• WHAT TO DO
Among the entries below, find the line with "Silver Azure Radiance Pendant Necklace", then quote it and each following line up to and including the line with "Elegant Beige Striped", and nothing else.

• DATA EXCERPTS
══════════════════════════════

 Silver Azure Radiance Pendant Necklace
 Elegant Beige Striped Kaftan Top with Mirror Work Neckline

══════════════════════════════

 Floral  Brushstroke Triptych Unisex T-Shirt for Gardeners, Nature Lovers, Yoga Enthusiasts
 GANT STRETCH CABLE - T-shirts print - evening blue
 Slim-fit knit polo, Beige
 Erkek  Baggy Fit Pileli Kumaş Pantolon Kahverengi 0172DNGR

══════════════════════════════

• SOLUTION
 Silver Azure Radiance Pendant Necklace
 Elegant Beige Striped Kaftan Top with Mirror Work Neckline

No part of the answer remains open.